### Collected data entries
____________
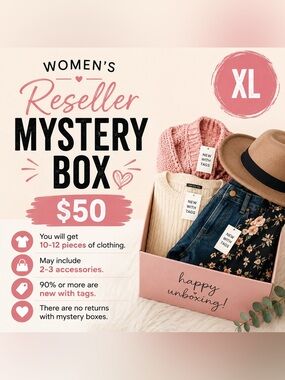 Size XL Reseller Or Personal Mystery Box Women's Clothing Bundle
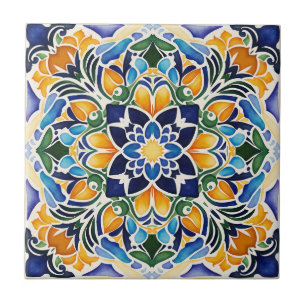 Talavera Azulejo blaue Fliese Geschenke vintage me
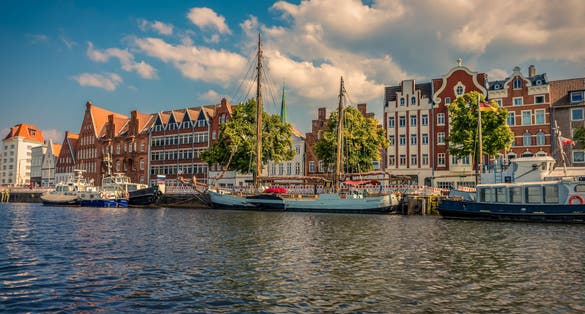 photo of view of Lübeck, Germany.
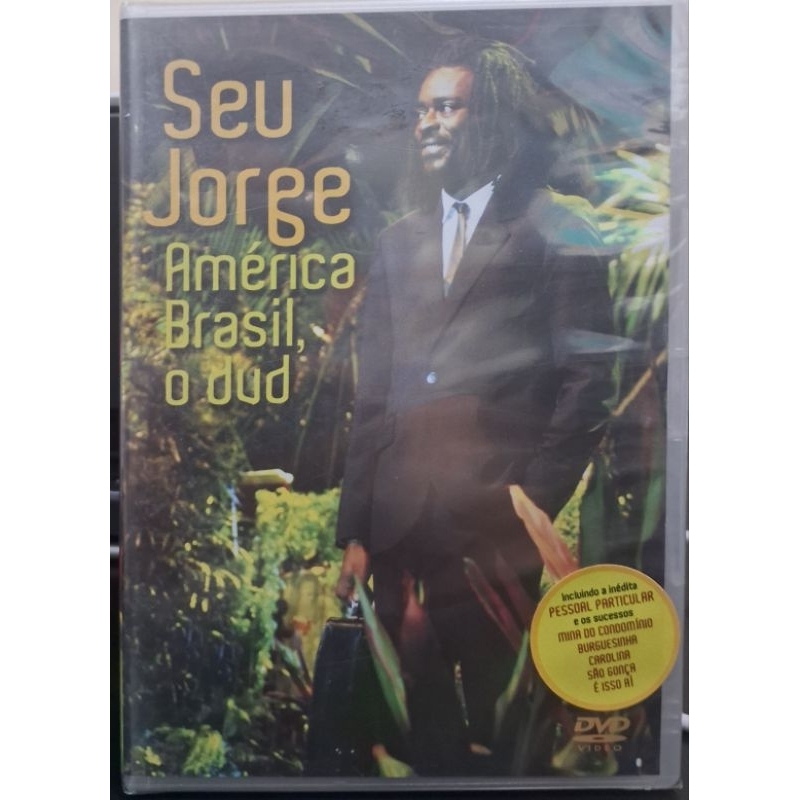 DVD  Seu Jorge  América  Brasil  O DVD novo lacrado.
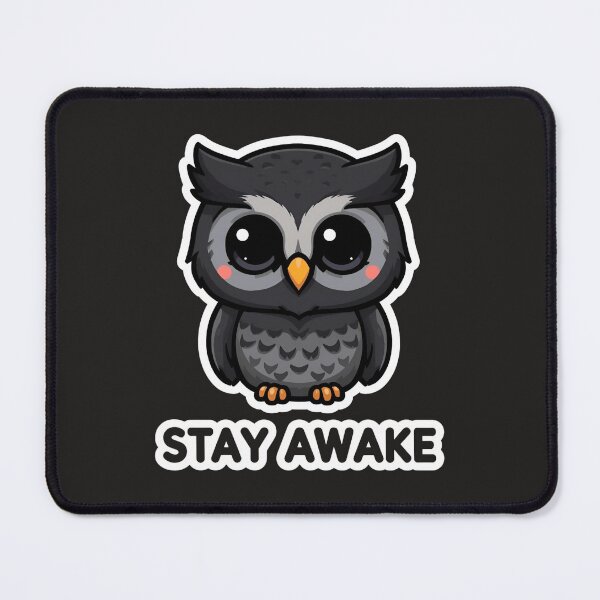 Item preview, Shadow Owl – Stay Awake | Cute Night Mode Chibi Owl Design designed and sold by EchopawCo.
____________
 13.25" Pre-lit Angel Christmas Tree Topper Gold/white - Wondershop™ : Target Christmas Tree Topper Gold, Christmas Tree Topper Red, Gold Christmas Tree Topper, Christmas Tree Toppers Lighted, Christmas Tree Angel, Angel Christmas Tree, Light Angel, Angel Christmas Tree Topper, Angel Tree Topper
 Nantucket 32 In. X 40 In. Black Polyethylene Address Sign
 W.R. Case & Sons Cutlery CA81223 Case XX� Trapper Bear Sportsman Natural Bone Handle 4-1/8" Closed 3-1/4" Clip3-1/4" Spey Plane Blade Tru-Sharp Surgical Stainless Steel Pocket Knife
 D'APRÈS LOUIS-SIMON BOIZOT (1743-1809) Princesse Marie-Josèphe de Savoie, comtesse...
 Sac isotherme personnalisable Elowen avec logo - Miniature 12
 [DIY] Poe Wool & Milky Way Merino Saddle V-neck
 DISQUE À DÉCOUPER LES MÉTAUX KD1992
____________
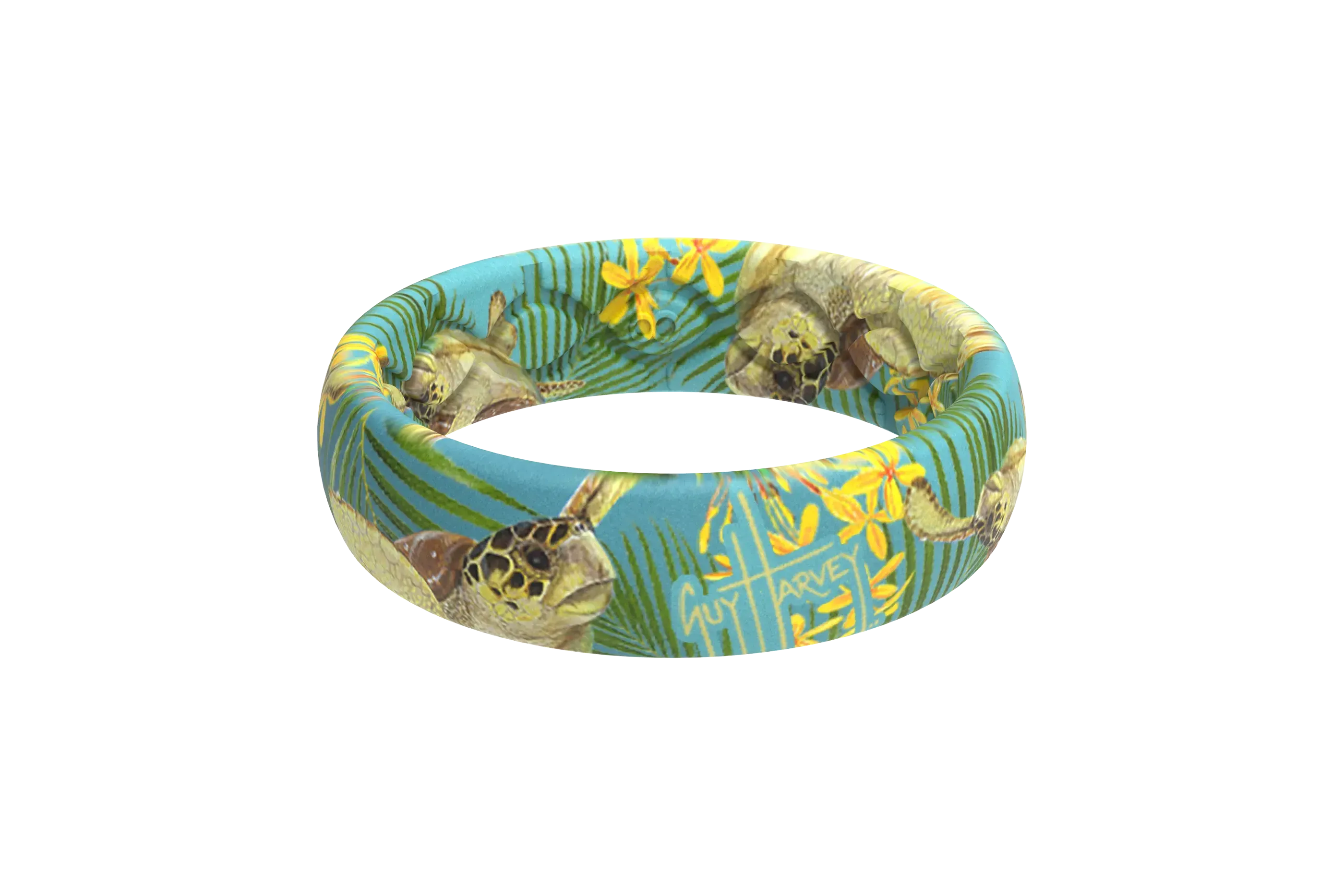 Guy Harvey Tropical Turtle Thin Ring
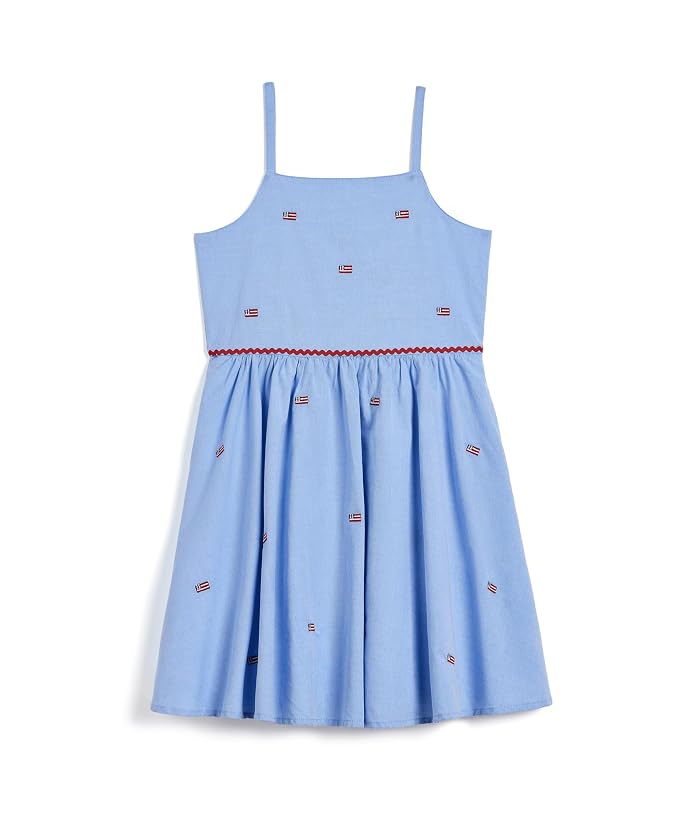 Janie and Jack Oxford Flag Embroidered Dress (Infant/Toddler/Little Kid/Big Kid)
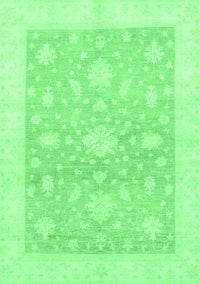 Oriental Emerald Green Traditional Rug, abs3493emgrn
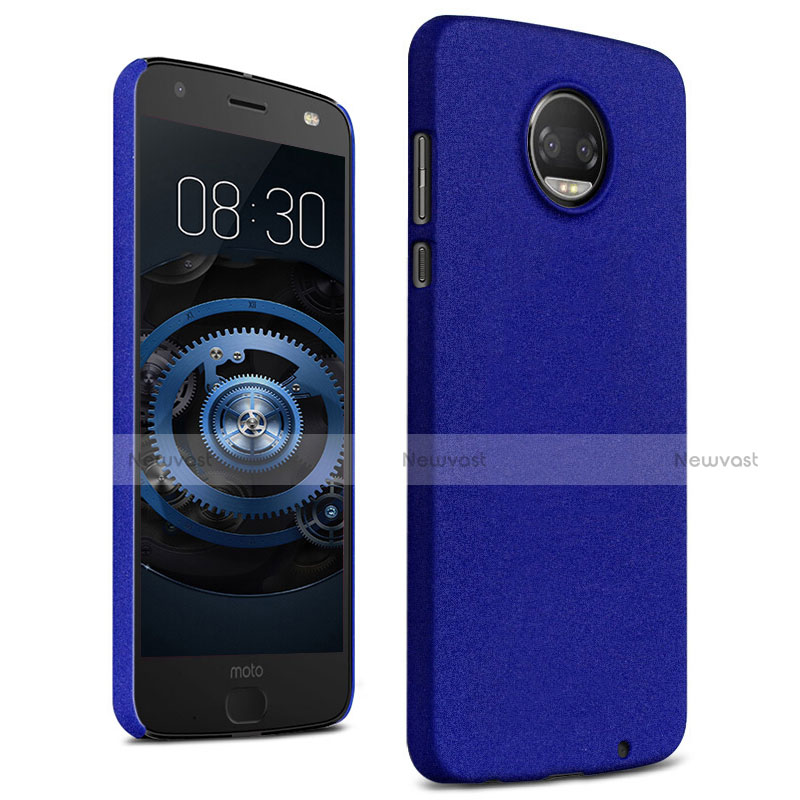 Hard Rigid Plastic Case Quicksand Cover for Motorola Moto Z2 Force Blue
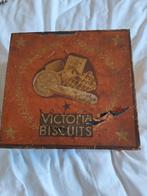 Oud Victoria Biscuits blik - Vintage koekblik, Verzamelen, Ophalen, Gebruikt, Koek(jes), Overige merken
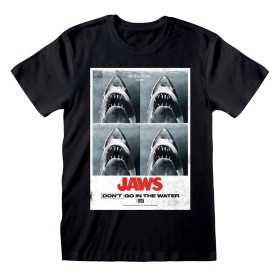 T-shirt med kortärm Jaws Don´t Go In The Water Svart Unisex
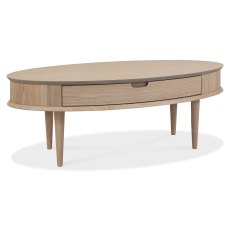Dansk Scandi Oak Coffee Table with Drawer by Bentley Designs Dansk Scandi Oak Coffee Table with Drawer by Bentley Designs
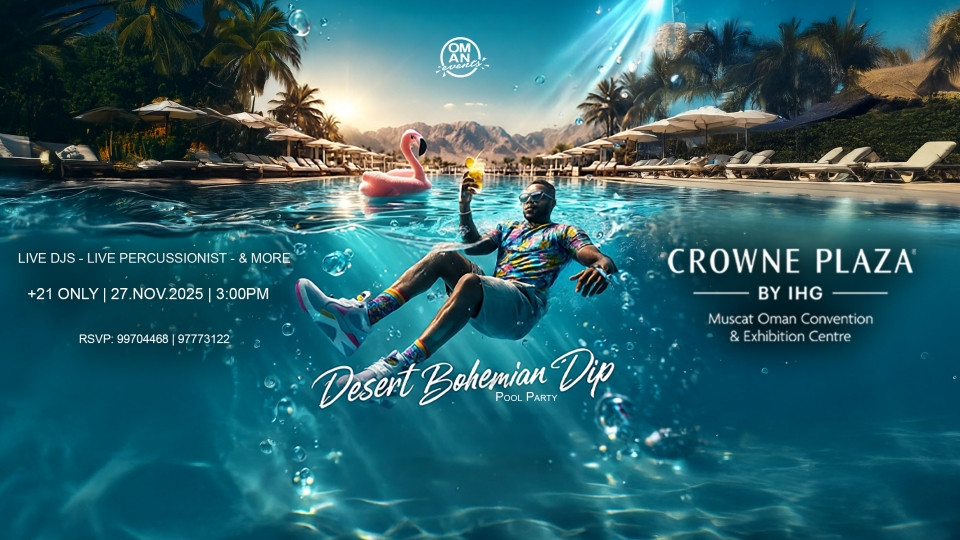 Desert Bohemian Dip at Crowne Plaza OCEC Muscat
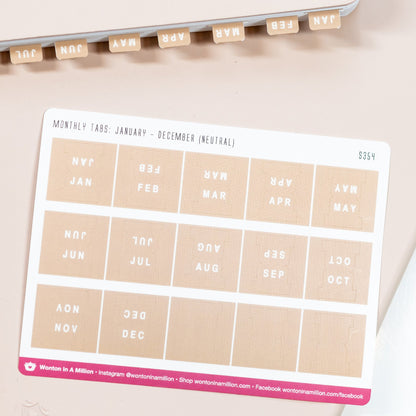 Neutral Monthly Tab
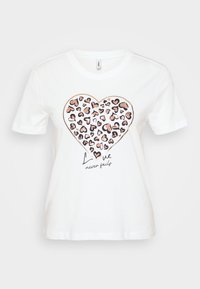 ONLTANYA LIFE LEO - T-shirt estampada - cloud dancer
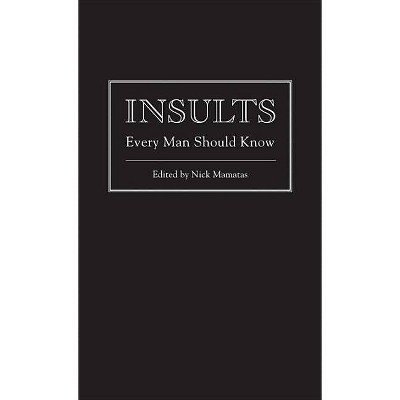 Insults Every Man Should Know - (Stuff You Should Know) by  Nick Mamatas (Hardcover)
____________
### WORK ITEM
With the pictures left out, write out exactly the lines above from the one containing "photo of view of Lübeck, Germany." through the one containing "Item preview, Shadow".

### ANSWER SPACE
 photo of view of Lübeck, Germany.
 DVD  Seu Jorge  América  Brasil  O DVD novo lacrado.
 Item preview, Shadow Owl – Stay Awake | Cute Night Mode Chibi Owl Design designed and sold by EchopawCo.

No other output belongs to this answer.